Where should it do that instead? AFAIK other basesrc subclasses also set caps from ::create(), e.g. if the format for the current buffer changes.
(In reply to Sebastian Dröge (slomo) from comment #1) > Where should it do that instead? It is safe when done from negotiate(), in the case it's called by the base_src_lopp() function. This is called when the reconfigure flag is set on the pad. When that happens, we don't yet hold the live lock. It's quite a limitation of the base class. I'll be fixing this today. > AFAIK other basesrc subclasses also set > caps from ::create(), e.g. if the format for the current buffer changes. It would be nice to share which other live sources does that. This problem only affect live sources, as in non-live, the LIVE_LOCK is only taking back in the PAUSED->READY state, and the pipeline has been unlocked already at this point.

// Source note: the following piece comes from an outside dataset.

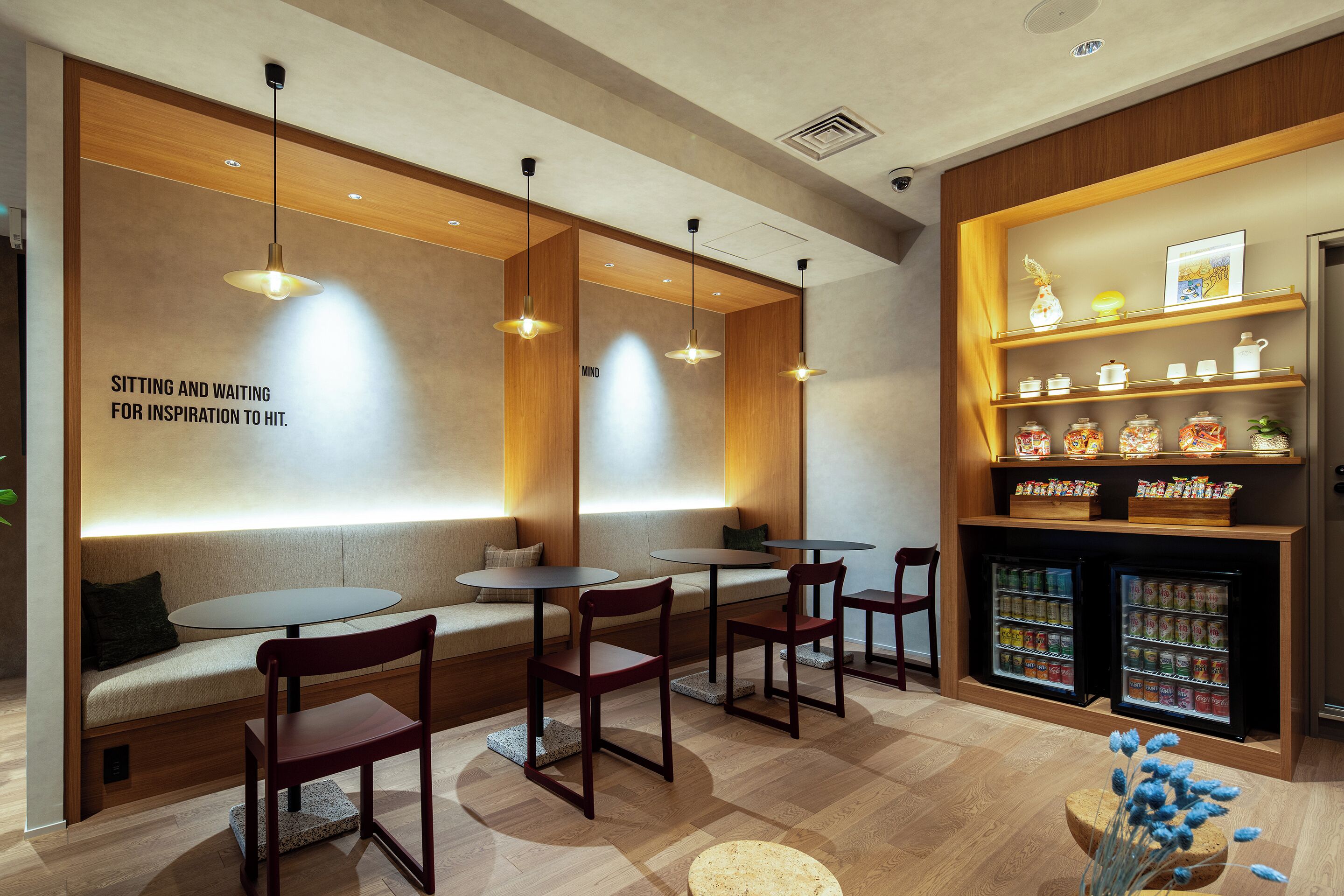 A seating area with tables and chairs, a wall with a motivational quote, and a shelf with snacks and a refrigerator.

Created attachment 353019 [details] New test, without a sleep and without aggregator This test also demonstrate the issue, but only with elements from -base. With hope I can turn this into a unit test. It also no longer rely on a sleep.
Created attachment 353020 [details] [review] basesrc: Protect access to pool and allocator This was only partly protected by the object lock. Always take the object lock to access the currently configured pool and allocator.

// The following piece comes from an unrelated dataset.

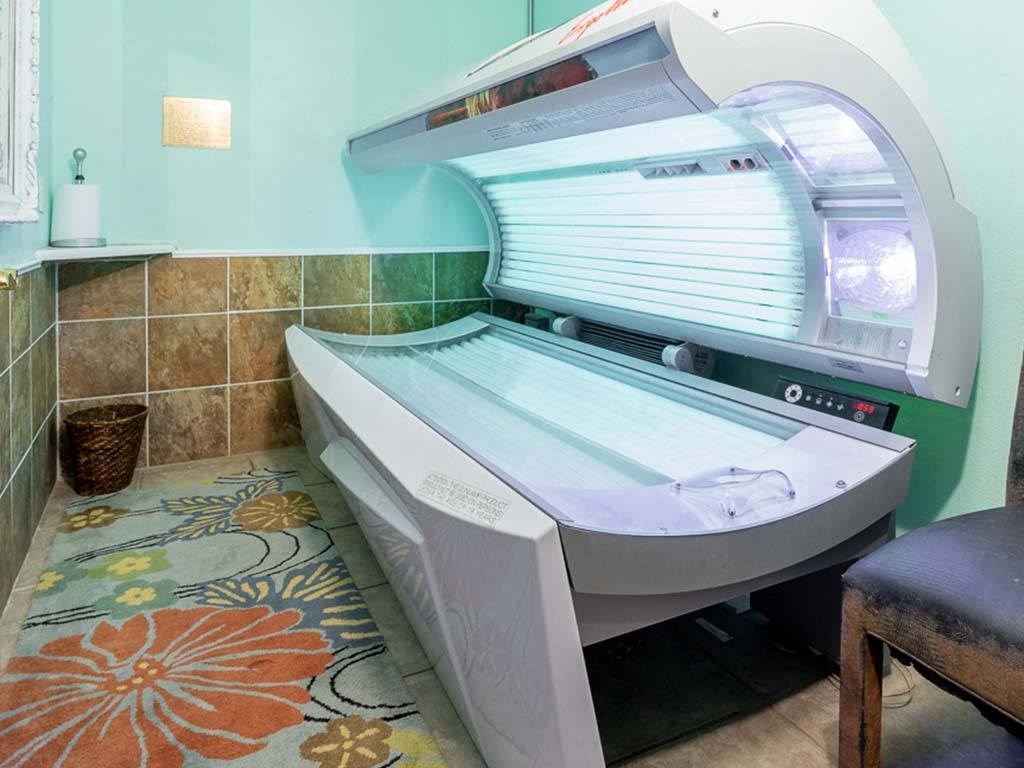 a patient exam room with a patient bed and a radiation machine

Created attachment 353021 [details] [review] basesrc: Don't hold LIVE_LOCK in create/alloc/fill Holding this lock on live source prevents the source from changing the caps in ::create() without risking a deadlock. Note that this makes the public function gst_base_src_wait_playing() useless as we will wait after create, when we take back the lock.
I took in consideration that decklinkvideosrc is a live source also set the caps inside create() call, and decided to drop the live lock from create/alloc/fill virtual method in basesrc. Overall I'm quite happy with the results, as it's better to not hold any private locks while calling virtual functions. It also remove some limitations that were not documented in basesrc base class. As a side effect though, we should probably deprecate gst_base_src_wait_playing() and remove that call from the audio base class. It's insane to wait in the middle of capturing a buffer, as this endup hiding a time gap. BaseSrc will now wait if needed after create(), which will let the sync code in gst figure-out if the buffer should be dropped or not.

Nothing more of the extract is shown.